After locating the line with "Mia scatola dei" in the data that follows, return it and every later line exactly, up to and including the line with "ai怎么画手机淘宝图标".

* Records to use
---+---

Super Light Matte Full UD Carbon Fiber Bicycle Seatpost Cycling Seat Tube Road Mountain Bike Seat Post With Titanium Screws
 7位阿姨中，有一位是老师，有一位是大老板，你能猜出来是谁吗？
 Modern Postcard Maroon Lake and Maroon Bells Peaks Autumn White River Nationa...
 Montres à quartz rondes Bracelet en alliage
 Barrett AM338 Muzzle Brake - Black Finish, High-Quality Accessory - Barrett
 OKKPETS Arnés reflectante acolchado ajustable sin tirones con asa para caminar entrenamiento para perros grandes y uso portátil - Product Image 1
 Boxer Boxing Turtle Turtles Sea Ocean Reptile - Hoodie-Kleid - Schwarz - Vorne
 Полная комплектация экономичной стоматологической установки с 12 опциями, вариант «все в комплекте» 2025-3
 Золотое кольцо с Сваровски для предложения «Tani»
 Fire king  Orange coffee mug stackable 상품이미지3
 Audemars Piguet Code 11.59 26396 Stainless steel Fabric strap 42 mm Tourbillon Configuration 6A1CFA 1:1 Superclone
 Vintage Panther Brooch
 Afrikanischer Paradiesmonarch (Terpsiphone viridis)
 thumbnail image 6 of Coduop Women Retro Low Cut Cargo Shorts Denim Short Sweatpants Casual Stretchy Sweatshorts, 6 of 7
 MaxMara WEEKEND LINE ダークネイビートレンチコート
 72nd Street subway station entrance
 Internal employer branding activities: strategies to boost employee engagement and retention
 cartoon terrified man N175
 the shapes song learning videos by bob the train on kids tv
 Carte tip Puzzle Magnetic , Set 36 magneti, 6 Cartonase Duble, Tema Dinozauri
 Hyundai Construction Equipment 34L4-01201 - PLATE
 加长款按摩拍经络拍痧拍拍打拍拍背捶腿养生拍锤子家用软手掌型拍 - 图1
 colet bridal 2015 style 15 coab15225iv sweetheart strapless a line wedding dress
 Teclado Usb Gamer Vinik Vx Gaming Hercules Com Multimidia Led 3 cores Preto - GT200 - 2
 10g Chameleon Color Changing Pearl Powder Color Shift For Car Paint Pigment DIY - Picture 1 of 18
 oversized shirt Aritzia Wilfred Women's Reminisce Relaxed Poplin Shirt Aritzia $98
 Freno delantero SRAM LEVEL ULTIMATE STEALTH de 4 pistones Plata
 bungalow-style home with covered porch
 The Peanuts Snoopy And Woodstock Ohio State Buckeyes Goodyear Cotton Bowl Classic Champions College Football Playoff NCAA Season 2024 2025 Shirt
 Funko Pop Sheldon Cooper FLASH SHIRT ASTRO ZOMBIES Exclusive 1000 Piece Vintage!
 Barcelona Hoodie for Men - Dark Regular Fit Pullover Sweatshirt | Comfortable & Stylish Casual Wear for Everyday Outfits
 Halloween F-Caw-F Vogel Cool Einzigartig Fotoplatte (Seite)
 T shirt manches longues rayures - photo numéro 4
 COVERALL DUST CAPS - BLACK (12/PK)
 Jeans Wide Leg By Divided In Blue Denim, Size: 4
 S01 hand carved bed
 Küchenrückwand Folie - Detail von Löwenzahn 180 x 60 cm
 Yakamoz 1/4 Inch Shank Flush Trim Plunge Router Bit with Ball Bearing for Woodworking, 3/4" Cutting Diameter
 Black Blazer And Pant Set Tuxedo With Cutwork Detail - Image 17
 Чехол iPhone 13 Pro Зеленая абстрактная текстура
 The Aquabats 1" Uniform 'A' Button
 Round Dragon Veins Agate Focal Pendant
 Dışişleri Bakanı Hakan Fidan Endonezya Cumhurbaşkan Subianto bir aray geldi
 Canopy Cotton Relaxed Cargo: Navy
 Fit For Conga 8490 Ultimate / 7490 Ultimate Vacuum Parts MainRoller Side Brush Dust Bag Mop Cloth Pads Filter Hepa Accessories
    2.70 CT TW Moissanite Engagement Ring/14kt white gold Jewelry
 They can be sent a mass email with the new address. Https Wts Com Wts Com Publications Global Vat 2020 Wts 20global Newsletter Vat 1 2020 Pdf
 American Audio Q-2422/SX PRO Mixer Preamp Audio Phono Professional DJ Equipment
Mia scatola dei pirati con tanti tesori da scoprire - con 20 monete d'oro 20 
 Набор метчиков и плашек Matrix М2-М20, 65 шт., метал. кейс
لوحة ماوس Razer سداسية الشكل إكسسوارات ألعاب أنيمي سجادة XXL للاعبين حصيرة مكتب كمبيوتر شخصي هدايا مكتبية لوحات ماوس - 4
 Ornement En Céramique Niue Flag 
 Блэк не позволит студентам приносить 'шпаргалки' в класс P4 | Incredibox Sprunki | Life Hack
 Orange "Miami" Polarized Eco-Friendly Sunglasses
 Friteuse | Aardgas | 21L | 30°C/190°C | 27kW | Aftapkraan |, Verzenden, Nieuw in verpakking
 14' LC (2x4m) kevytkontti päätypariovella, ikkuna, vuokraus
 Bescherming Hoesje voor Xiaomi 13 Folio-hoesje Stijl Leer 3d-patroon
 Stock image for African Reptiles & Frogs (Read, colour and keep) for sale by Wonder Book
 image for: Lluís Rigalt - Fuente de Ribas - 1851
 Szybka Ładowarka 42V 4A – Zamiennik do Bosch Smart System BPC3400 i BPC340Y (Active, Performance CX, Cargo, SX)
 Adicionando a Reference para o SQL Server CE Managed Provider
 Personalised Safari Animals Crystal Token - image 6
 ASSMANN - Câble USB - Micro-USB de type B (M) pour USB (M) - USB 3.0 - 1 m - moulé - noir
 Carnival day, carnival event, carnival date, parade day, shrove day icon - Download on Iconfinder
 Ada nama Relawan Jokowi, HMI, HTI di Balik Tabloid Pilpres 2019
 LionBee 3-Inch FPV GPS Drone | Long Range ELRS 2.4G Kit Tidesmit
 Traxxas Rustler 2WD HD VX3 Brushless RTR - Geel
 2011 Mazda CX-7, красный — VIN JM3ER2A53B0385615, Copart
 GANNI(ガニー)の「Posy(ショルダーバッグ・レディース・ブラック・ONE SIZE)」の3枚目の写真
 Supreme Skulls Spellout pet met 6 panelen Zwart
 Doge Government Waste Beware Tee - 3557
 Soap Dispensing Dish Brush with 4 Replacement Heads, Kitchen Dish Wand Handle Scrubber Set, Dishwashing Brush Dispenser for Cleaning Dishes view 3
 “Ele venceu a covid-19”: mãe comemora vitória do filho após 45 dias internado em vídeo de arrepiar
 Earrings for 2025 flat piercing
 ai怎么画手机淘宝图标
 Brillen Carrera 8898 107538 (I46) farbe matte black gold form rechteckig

---+---

* Answer to this problem
Mia scatola dei pirati con tanti tesori da scoprire - con 20 monete d'oro 20 
 Набор метчиков и плашек Matrix М2-М20, 65 шт., метал. кейс
لوحة ماوس Razer سداسية الشكل إكسسوارات ألعاب أنيمي سجادة XXL للاعبين حصيرة مكتب كمبيوتر شخصي هدايا مكتبية لوحات ماوس - 4
 Ornement En Céramique Niue Flag 
 Блэк не позволит студентам приносить 'шпаргалки' в класс P4 | Incredibox Sprunki | Life Hack
 Orange "Miami" Polarized Eco-Friendly Sunglasses
 Friteuse | Aardgas | 21L | 30°C/190°C | 27kW | Aftapkraan |, Verzenden, Nieuw in verpakking
 14' LC (2x4m) kevytkontti päätypariovella, ikkuna, vuokraus
 Bescherming Hoesje voor Xiaomi 13 Folio-hoesje Stijl Leer 3d-patroon
 Stock image for African Reptiles & Frogs (Read, colour and keep) for sale by Wonder Book
 image for: Lluís Rigalt - Fuente de Ribas - 1851
 Szybka Ładowarka 42V 4A – Zamiennik do Bosch Smart System BPC3400 i BPC340Y (Active, Performance CX, Cargo, SX)
 Adicionando a Reference para o SQL Server CE Managed Provider
 Personalised Safari Animals Crystal Token - image 6
 ASSMANN - Câble USB - Micro-USB de type B (M) pour USB (M) - USB 3.0 - 1 m - moulé - noir
 Carnival day, carnival event, carnival date, parade day, shrove day icon - Download on Iconfinder
 Ada nama Relawan Jokowi, HMI, HTI di Balik Tabloid Pilpres 2019
 LionBee 3-Inch FPV GPS Drone | Long Range ELRS 2.4G Kit Tidesmit
 Traxxas Rustler 2WD HD VX3 Brushless RTR - Geel
 2011 Mazda CX-7, красный — VIN JM3ER2A53B0385615, Copart
 GANNI(ガニー)の「Posy(ショルダーバッグ・レディース・ブラック・ONE SIZE)」の3枚目の写真
 Supreme Skulls Spellout pet met 6 panelen Zwart
 Doge Government Waste Beware Tee - 3557
 Soap Dispensing Dish Brush with 4 Replacement Heads, Kitchen Dish Wand Handle Scrubber Set, Dishwashing Brush Dispenser for Cleaning Dishes view 3
 “Ele venceu a covid-19”: mãe comemora vitória do filho após 45 dias internado em vídeo de arrepiar
 Earrings for 2025 flat piercing
 ai怎么画手机淘宝图标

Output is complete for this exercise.